18. And Jesus, walking by the sea of Galilee, saw two brethren, Simon called Peter,
and Andrew his brother, casting a net into the sea: for they were fishers.
[Casting a net into the sea.] Fishing in the sea of Tiberias, in Talmudic
speech. There the fathers of the traditions dream that Joshua the son of Nun gave ten laws
to the Israelites concerning having some things in common, as lawful, and to be allowed
of: Our Rabbins have a tradition that Joshua ordained ten conditions: That cattle graze
in common in woody places. And that a man gather wood in common in his neighbour's field,
&c. Among others, And that any, in common, spread his nets for fishing in the sea
of Tiberias. But yet under this caution, That none set up a wall, which may be any
stop to ships.
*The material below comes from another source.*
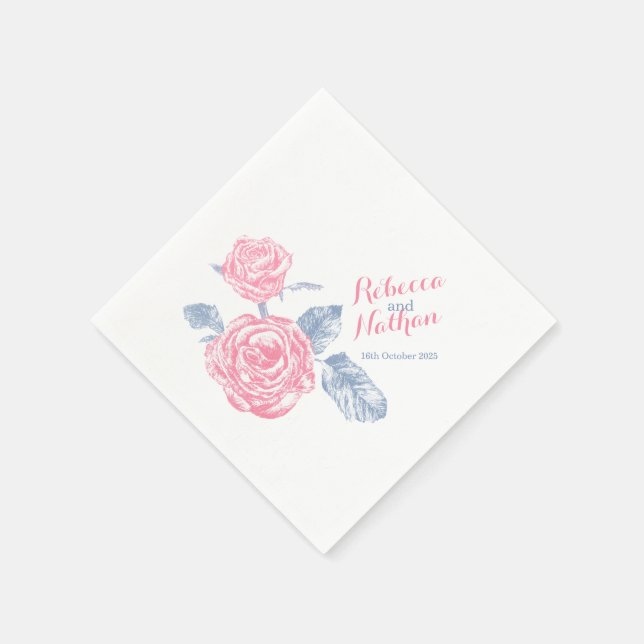 Wedding rose pen drawing pink blue paper napkins (Corner)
The Gloss is, "It is the manner of fishermen to fasten stakes in
the water, and to make fences of canes or reeds, in which the fish may be taken: but this
is not permitted, because it is an impediment to the ships." However therefore the
sea of Tiberias belonged to the tribe of Nephthali, yet it was free for any Israelite to
fish in it, so it were under the condition mentioned.
19. And he saith unto them, Follow me, and I will make you fishers of men.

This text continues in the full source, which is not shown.